Children of Immigrants Important to Arkansas’s Future Economic Success

Children of immigrants important to Arkansas’s future economic success

Ensuring that children of immigrants have the opportunity to thrive will be key to our state’s economic future, a report released today by Arkansas Advocates for Children and Families (AACF) says.


“Critical Generation: Improving the Lives of Children of Immigrants in Arkansas,” makes the case that the state would be unwise to turn attention away from the needs of this group of children, the fastest-growing population in Arkansas.
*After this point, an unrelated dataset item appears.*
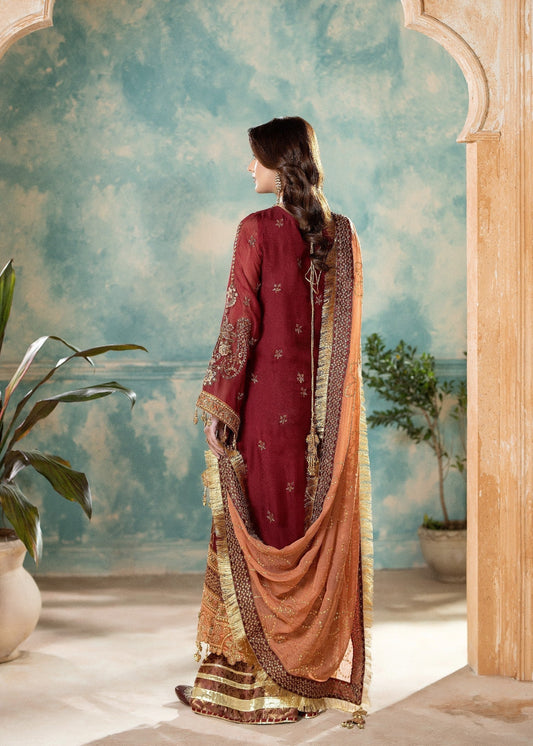 Pakistani Designer Maroon Chiffon Salwar Kameez Online in KSA Riyadh Saudi Arabia Oman Bahrain Qatar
In fact, were it not for growth in Hispanic children, our state’s child population would have declined from 2000 to 2010.


The report says children of immigrants in Arkansas are:


  • Mostly U.S. citizens (88 percent) and mostly Hispanic.
  • Since 1990, growing in population at a rate of 440 percent (compared with 15 percent for children of native-born parents).
  • More likely to live in poverty or near poverty.
  • Less likely to be insured.
  • Less likely to be enrolled in the state funded pre-K program, Arkansas Better Chance (ABC), despite family incomes that are more likely to make them eligible.


AACF calls on the state to do more to reach out to immigrant families whose children may be eligible for quality early childhood programs such as ABC pre-K; to extend ARKids First health insurance eligibility to all lawfully residing children; and to pass a state-level DREAM Act that would allow certain undocumented Arkansas high school graduates to attend college at in-state tuition rates.


“We are not asking for Arkansas to do anything for children of immigrants that we don’t already do for children of native-born citizens,” said Laura Kellams, AACF’s Northwest Arkansas director and the author of the report. “Children of immigrants are more likely to live in or near poverty, so it’s critical to our economic future that we try to break that cycle. We want to ensure that the state recognizes the unique challenges faced by children of immigrants and what it will take to meet those challenges.”


AACF will release the report with a panel discussion of experts at 2 p.m. today in the auditorium at Springdale School District Central Office, 804 W. Johnson Avenue in Springdale. A panel discussion on the report’s recommendations will feature Dr. Jim Rollins, Springdale School District superintendent; Kathy Grisham, Community Clinic executive director; and Rosa Velazquez, executive director of Arkansas Coalition for DREAM.


AACF has worked since 1977 to provide a voice for children who otherwise don’t have much say in how state laws and policies affect their families. Increasingly, that describes children of immigrants in Arkansas, said Rich Huddleston, AACF’s executive director.


“Immigrant families contribute to our state’s economy, and are a net gain overall for our tax system,” Huddleston said. “There is great potential for our state’s economic success if immigrants’ children are able to thrive.”